I realized my love for Daphne du Maurier’s work while reading Rebecca last summer. Du Maurier lured me into her novel with beguilingly beautiful prose and eloquent descriptions. I found myself wishing to revisit her tone and writing style this summer, so I checked out a copy of The Scapegoat from the library.
It was a success.
The Scapegoat, like Rebecca, is a ridiculously multifaceted story. There are sides of excitement and adventure as well as prolonged moments of dolefulness and darkness. The story starts with an English professor who teaches French history, John, who is traveling around France. John runs into his doppelgänger, Jean, a carefree though simultaneously troubled Frenchman. In a twist of events, John ends up left alone in a hotel room with Jean’s clothes, identification, and car, with Jean having escaped with all of John’s possessions.
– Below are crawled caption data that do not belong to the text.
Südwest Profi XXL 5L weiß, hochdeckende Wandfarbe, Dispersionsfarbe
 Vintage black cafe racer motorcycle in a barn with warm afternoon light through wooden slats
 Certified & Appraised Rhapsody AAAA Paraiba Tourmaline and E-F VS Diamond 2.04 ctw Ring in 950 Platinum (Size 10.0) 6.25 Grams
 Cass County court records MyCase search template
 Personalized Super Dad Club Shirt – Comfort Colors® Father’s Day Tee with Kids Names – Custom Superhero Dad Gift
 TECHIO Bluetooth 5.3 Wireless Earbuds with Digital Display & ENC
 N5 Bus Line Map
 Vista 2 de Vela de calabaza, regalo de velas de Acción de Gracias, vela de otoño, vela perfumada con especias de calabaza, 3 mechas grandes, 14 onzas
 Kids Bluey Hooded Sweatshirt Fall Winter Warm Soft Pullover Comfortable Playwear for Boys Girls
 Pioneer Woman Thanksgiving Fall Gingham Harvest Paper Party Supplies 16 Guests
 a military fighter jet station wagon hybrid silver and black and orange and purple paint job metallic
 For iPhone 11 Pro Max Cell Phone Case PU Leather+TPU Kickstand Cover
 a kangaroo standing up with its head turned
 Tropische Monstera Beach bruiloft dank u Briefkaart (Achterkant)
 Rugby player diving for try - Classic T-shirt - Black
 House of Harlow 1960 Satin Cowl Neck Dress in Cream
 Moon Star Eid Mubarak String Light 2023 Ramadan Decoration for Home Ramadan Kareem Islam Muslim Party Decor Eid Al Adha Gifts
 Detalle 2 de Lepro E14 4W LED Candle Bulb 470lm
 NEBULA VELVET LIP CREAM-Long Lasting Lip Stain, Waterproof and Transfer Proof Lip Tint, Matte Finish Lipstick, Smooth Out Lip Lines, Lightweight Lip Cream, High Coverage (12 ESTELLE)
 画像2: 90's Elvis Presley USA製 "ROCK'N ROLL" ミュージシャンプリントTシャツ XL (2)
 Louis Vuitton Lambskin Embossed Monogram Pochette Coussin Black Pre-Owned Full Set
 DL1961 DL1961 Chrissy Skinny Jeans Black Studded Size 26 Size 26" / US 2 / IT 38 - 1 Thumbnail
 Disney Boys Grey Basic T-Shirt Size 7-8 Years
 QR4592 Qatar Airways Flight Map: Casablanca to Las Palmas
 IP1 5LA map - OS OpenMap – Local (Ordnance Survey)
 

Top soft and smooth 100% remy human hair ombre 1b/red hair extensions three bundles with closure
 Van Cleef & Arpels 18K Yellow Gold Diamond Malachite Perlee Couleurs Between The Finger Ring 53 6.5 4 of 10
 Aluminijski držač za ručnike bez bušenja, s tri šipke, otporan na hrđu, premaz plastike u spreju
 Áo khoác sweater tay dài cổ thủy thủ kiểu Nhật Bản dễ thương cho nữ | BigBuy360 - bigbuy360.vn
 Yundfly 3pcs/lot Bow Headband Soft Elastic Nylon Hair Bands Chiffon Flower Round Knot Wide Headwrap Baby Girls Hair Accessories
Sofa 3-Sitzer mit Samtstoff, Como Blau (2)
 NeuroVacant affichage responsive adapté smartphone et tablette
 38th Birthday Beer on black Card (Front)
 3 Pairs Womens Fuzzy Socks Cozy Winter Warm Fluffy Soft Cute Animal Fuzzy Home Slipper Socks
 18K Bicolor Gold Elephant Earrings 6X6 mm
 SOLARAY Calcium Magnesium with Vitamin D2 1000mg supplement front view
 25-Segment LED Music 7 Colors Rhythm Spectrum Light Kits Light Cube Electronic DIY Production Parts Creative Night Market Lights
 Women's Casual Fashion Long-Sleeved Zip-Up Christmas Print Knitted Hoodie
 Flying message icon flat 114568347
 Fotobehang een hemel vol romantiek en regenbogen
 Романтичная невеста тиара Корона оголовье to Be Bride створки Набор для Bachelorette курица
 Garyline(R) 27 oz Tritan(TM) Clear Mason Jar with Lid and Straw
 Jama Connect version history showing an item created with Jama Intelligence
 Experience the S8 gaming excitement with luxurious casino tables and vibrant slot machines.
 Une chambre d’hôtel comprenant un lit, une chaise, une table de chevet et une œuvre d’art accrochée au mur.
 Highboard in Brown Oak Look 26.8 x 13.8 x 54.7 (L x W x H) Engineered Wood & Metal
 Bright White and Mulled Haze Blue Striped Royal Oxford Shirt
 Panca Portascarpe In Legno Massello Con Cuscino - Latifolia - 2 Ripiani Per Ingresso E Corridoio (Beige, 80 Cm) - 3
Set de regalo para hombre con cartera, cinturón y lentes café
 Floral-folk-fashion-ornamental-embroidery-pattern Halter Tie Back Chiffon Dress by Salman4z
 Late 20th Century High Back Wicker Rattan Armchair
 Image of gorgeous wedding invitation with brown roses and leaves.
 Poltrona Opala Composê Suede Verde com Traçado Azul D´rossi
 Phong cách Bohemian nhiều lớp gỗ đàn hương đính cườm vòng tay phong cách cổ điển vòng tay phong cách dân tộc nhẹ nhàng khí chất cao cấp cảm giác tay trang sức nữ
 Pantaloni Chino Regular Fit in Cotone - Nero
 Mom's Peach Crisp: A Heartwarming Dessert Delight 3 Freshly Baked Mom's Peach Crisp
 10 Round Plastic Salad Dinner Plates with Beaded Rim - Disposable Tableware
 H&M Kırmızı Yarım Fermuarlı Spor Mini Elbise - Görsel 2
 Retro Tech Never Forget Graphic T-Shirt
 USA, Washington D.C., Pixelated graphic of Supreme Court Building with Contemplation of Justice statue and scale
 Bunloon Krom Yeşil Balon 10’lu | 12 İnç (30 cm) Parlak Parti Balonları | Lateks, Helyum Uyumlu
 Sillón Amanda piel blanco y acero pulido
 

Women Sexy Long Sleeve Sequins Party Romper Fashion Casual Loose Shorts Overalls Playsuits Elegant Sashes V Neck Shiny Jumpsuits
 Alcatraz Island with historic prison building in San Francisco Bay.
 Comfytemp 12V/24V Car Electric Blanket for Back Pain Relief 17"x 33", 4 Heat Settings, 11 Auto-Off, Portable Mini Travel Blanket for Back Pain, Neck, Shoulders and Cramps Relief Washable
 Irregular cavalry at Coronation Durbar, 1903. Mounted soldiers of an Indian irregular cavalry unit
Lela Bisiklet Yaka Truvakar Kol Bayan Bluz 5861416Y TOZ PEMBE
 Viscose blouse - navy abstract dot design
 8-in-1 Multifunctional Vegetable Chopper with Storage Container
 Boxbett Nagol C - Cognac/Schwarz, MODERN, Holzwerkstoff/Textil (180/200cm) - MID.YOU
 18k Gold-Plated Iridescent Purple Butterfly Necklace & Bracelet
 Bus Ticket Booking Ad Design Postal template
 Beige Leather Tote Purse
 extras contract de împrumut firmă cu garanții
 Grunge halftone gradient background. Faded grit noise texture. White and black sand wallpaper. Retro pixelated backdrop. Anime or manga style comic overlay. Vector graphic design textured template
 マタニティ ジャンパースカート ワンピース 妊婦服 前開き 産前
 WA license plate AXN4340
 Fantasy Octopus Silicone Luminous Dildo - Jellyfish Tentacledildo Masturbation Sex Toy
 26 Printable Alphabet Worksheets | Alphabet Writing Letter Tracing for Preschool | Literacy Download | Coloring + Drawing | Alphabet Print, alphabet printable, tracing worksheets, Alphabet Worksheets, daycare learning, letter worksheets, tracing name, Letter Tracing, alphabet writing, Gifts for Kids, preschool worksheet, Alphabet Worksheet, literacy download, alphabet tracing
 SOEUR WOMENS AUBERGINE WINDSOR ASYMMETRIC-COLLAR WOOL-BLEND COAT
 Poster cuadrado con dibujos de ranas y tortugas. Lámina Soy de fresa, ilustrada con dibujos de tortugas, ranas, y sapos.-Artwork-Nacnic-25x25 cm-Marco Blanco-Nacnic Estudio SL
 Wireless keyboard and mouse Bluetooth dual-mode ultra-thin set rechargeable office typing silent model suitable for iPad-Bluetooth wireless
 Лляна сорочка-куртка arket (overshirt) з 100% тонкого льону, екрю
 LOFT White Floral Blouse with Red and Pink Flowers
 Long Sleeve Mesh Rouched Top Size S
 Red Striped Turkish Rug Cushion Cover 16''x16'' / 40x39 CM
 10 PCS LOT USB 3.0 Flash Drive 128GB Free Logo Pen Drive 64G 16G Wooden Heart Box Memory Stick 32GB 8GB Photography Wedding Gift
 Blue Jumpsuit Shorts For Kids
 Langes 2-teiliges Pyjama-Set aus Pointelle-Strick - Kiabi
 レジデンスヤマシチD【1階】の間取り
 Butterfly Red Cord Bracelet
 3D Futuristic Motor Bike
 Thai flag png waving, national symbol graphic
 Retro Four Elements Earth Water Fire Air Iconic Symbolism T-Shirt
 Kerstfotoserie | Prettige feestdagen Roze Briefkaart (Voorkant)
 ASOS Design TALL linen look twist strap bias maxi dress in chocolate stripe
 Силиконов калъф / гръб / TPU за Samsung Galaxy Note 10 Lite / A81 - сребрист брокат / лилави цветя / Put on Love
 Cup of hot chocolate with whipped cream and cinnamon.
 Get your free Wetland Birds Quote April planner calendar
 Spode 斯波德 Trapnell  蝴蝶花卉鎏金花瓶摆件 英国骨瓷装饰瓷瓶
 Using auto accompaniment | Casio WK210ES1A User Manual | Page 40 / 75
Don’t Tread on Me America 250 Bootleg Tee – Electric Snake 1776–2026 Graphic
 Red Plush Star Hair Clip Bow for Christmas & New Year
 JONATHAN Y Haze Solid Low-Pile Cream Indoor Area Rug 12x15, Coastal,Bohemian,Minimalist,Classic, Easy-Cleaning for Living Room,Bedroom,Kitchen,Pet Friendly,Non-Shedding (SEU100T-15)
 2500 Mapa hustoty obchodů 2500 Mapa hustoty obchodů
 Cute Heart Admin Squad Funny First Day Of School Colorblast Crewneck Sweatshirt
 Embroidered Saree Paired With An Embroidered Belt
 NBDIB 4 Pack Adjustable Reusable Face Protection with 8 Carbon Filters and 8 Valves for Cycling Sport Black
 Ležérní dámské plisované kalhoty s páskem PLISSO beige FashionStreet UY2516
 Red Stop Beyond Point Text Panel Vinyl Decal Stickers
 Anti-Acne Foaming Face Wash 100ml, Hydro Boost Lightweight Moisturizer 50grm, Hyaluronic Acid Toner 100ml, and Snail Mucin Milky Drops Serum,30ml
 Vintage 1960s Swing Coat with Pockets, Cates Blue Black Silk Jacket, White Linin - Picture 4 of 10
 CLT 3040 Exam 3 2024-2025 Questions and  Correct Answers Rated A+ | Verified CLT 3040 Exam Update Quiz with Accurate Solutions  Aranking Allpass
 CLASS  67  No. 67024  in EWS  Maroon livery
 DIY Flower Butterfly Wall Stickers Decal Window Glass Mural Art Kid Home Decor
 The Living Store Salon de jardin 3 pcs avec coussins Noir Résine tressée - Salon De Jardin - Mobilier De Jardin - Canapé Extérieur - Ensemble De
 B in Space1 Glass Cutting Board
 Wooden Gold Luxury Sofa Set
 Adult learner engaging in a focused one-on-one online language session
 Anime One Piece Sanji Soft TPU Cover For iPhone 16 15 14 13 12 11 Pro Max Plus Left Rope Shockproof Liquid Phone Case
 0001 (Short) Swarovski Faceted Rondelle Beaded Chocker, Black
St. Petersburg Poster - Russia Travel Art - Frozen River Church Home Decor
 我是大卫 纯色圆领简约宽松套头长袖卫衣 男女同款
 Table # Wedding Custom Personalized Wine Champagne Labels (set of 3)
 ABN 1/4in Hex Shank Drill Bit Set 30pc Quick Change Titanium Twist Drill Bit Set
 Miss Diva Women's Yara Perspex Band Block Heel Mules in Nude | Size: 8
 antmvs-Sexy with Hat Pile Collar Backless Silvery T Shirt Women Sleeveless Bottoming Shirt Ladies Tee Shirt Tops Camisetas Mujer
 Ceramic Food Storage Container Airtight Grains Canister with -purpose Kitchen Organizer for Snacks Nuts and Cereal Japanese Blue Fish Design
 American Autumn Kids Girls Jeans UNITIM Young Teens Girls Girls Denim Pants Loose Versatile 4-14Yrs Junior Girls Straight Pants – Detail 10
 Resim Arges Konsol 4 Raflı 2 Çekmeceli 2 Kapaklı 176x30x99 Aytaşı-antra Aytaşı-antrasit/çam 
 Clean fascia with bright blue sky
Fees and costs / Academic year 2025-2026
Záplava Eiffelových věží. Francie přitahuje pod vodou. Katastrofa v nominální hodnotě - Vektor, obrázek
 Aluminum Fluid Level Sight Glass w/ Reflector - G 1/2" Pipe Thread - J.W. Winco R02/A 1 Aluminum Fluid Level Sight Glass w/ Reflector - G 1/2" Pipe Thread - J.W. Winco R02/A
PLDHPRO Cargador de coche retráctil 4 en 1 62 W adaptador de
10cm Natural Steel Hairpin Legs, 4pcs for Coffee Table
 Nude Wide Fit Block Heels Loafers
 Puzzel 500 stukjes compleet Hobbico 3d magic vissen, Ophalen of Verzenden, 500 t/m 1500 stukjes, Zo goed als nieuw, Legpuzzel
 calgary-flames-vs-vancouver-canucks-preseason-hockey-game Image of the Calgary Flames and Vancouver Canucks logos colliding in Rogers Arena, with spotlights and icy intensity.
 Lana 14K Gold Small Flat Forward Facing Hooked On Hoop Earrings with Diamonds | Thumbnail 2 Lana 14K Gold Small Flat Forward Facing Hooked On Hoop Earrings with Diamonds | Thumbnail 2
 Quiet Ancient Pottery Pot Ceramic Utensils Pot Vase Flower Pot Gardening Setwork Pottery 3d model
Nobody, not even Jean’s own daughter, recognizes the switch, and it’s quite interesting to see how John maneuvers himself around a family of strangers. He must figure out relations, personalities, and history while trying to keep up his facade. The first third of the book is more relaxed, with John taking into account his new surroundings and ‘family members’. The rest of the novel then begins to dip down into the shadows. You read about the griminess of greed and watch as family members destroy each others’ lives with the expression of base human characteristics.
I was surprised, at first, because I felt as though The Scapegoat would be a lighter read. The story seemed merely to delve into a common fantasy of escaping one’s life and living that of another. But then it took that classic du Maurier turn and it was no longer a simply buoyant book. This is not a bad thing, however, because it lends a depth to the story that is, as much as we deny it, necessary. Happy-happy books are great from time to time, but they don’t always leave me with a lasting impression. Maybe that’s why At the Sign of the Jack O’Lantern didn’t appeal to me as much. It was a little frivolously boring…I don’t know what I’m trying to say anymore. 😐
Here is a more collected thought: I like books that don’t dump me in a dark, damp ditch, but I don’t enjoy novels that subsist on sunshine and fairy dust. I need a little snack for my imagination, some food for deeper thought, and a nice draught of deliciously devised sentences. The Scapegoat provided all three of these components to my idea of a perfect book, deeming it spectacular.
Happy Day, and if you decide to read The Scapegoat, Happy Reading!
post scriptus: If you’ve read The Scapegoat already, what did you think of the ending?